*** Available data Section Begins ***

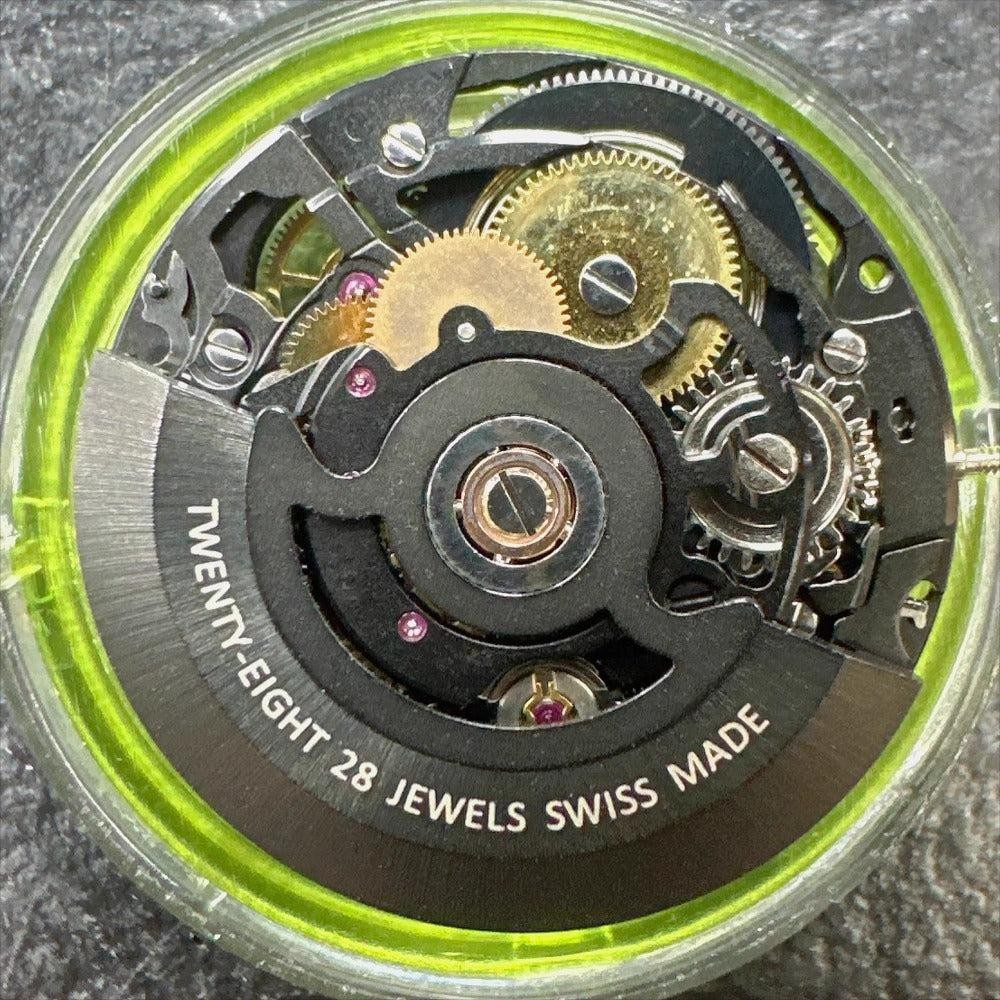China Made Hollow Black 2824 Automatic Mechanical Movement 3 Hands No Calendar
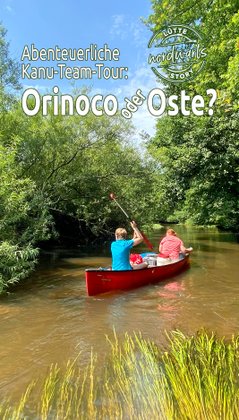 Plakat zum Anklicken für die Story "Abenteuerliche Kanu-Team-Tour: Orinoco oder Oste?"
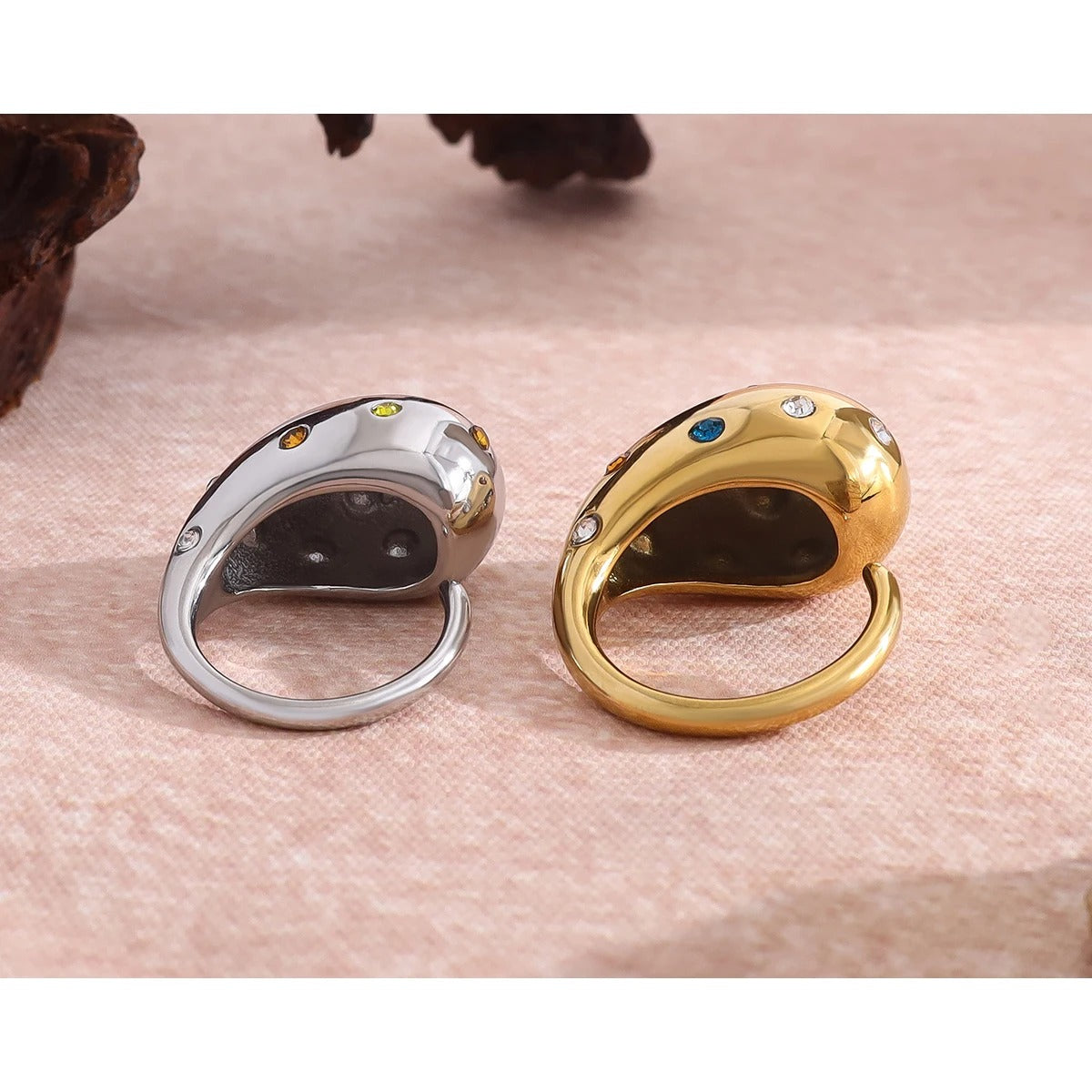 COLOR LINE RING - GOLD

*** Available data Section Ends ***

* Your instructions *
Copy each line above exactly. Images do not belong in the copy.

* Solution for this problem *
China Made Hollow Black 2824 Automatic Mechanical Movement 3 Hands No Calendar
 Plakat zum Anklicken für die Story "Abenteuerliche Kanu-Team-Tour: Orinoco oder Oste?"
 COLOR LINE RING - GOLD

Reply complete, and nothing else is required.